WORK ITEM
Copy all lines below that use the word "Jeep".

• • •

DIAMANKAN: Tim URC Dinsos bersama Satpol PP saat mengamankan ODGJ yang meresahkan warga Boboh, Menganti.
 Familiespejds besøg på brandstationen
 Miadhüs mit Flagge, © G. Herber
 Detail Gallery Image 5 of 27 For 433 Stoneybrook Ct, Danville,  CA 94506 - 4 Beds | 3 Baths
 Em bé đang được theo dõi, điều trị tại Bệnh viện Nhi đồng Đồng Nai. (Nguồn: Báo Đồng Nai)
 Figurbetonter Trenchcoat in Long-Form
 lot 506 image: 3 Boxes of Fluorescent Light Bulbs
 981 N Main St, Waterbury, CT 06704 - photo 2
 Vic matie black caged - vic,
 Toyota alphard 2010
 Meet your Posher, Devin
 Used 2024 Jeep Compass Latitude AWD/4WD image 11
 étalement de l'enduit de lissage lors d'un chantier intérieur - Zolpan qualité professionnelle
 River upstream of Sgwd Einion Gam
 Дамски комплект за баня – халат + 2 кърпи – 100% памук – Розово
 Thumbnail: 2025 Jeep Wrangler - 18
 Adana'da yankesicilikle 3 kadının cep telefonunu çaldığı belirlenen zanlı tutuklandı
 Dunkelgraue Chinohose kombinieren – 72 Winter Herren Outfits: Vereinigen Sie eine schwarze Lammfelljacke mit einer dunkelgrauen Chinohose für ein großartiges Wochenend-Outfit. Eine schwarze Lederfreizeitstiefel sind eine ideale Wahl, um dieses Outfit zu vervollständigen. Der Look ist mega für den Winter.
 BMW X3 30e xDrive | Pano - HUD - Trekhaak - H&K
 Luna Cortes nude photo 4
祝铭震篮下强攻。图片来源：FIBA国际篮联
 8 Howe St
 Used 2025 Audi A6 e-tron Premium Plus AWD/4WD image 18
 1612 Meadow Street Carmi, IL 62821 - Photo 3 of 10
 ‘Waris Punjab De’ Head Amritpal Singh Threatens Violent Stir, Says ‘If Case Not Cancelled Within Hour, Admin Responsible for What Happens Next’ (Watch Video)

• • •

ANSWER FOR THIS EXERCISE
 Used 2024 Jeep Compass Latitude AWD/4WD image 11
 Thumbnail: 2025 Jeep Wrangler - 18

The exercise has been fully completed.